Column selection has become available to the community on both Airbyte Open Source and Airbyte Cloud, for all connectors available, and all connectors you may build with the no-code connector builder or low-code CDK.
When setting a new connection, you will now be able to select which fields you want to synchronize for each stream you choose to replicate from your API or database source. The table created in your destination will only include the columns you select
How to use column selection within Airbyte
In the connection setup process, you will be asked to select the streams you want to sync.
By clicking on the + button in the line, this will show a popup where you can select the columns to replicate. It’s as easy as this.
How we built column selection so it’s available across all connectors
One challenge of implementing that functionality in Airbyte was to make sure it is supported by all connectors.
Column selection could benefit from being handled directly by source connectors: database source connectors would only run select statements only on the fields users care about. But that approach does not bring any value benefits for API connectors; it also requires that all source connectors be updated before users can benefit from the new options. Moreover, one strength of Airbyte’s open-source approach is that our users can build their own connectors for sources that we do not support natively just yet.
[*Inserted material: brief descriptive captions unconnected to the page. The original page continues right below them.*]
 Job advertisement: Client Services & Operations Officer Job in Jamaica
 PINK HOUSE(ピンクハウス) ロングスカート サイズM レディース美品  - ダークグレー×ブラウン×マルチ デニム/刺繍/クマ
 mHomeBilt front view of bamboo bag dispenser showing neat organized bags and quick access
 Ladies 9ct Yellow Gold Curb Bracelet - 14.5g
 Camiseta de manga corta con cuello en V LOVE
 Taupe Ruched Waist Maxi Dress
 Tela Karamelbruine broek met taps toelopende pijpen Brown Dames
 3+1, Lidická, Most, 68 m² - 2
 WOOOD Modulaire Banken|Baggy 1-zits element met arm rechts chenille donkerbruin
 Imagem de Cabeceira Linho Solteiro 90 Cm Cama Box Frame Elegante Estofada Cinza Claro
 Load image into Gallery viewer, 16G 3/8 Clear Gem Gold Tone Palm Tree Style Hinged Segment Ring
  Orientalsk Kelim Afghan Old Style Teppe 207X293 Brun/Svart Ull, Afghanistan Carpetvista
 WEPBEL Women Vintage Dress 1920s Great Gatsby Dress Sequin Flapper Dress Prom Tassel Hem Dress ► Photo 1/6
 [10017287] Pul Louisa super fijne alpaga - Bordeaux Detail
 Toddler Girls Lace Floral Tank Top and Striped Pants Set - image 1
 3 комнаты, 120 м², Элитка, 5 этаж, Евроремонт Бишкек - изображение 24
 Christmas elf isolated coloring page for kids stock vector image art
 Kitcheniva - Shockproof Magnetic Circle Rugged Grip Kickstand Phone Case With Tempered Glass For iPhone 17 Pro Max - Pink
We want to make sure our functionality is compatible with all connectors in the wild.
This is why our implementation does not rely on any changes being done in connectors. Instead, the Airbyte infrastructure (workers) removes any fields that were not selected during the sync process. This allows us to make the functionality available to all connectors without any protocol change.
Why use column selection?
Column selection has been one of the most requested features by the community and for good reason! Column selection is crucial in ELT processes for several reasons:
- Data Minimization: Not all data is useful for every analysis or report. Including unnecessary columns increases storage costs and slows down processing times. Selecting only necessary columns optimizes storage and improves efficiency.
- Data Privacy and Security: Certain columns may contain sensitive information such as personally identifiable information (PII) or proprietary data. By excluding such columns from the ELT process, organizations can protect this data and comply with data privacy regulations.
- Data Relevance: Some columns may be irrelevant for certain business analyses. Column selection enables you to tailor the data to the specific requirements of the analysis, leading to faster and more meaningful results.
Column selection will give Airbyte users more control over the columns they replicate over to their data warehouse. But the source schema can also change, and we plan to offer you more ways to control replication behavior when that happens. Stay tuned!